Emotional and stress factors can make the simulation even more realistic, therefore, more engaging. Students can even practice how to cope with time pressure or how to manage death scenarios, for instance.

7 medical student engagement tips with simulated virtual patient cases

Now let’s see the 7 strategies to overcome the challenges and increase your students’ engagement with the virtual patient scenarios.

1. Communicate your expectations clearly and set measurable goals

Do you know how many patients and diseases your students should see in practice to gain sufficient clinical practice? Implementing virtual patients in your curriculum makes it easier to measure and track how students progress compared to a defined standard. So when you set this goal clearly for them, they will be more likely to keep their motivation for practicing on clinical cases.

2. Provide continuous data-driven feedback

Establishing a good feedback system is key in keeping your students engaged. Of course, helping and supporting their progress on an individual level is a time-consuming activity for the educators. Most of the virtual patient platforms provide direct automated feedback to the students on their own performance. This way, students understand why their decision was correct or incorrect.

At InSimu, our goal is to help students learn and practice the evidence-based clinical diagnostic pathways. On the educator portal of InSimu, instructors can check all steps of students on a patient level and gain valuable insights from the group analytics. It helps you organize data-driven debriefing sessions for your students.

3. Customize the academic content you deliver

When the faculty has access to a pool of virtual patient scenarios, you can select the most relevant cases for each of your groups.

The InSimu University virtual patient platform, for example, offers more than 7000+ clinical scenarios. Educators can easily find the perfect ones by filtering the age, gender, symptoms, and diseases of the patients.

With the custom configuration options, it’s easy to adjust the courses to your students’ different segments. You can use the scenarios as class works or homework assignments.

4. Facilitate PBL sessions in small groups

With a virtual patient platform, you don’t need to craft your own cases anymore, just select the virtual clinical cases for your class. You can test them in advance, then let your group solve them together. Facilitate your students’ complex diagnostic thinking with your questions.

5. Peer and collaborative learning

Foster engagement through facilitating teamwork and collaboration in your medical student groups. Ask your students to select some virtual patients, discuss and solve them together in a small working group. Every student can input their ideas about the next right step and make the clinical decisions together, just like in real life.

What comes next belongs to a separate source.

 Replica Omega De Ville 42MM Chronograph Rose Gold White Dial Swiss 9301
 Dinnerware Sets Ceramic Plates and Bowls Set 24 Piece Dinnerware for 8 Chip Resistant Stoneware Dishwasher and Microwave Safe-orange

6. Motivate your students with gamification elements

Gamification is trending in all fields of education. Especially in these challenging times, students appreciate all activities which are not only educational but also fun, help them unite and awakens the spirit of the competition.

The InSimu Diagnostic competition is an engaging educational event for the students. Students work on the same clinical scenarios in a limited time-frame during the competition, while they can follow their performance on a real-time online leaderboard. You can launch online competitions in individual or team format at any faculty.

7. Independent learning – let them get immersed in their interest

Beyond the curriculum, probably all students have their unique interests and passion in medicine. After completing the compulsory assignments, empower your students to gain extra practice and knowledge in the topics they are into. By providing them with access to a virtual patient pool, you can ask them to complete a certain number of cases in their favorite topic. The InSimu Patient application makes it possible for the students to practice by symptoms or specializations on their own. During the first wave of coronavirus pandemic, InSimu provided more than 420,000 virtual patient encounters for students in quarantine so they could continue their clinical training at home.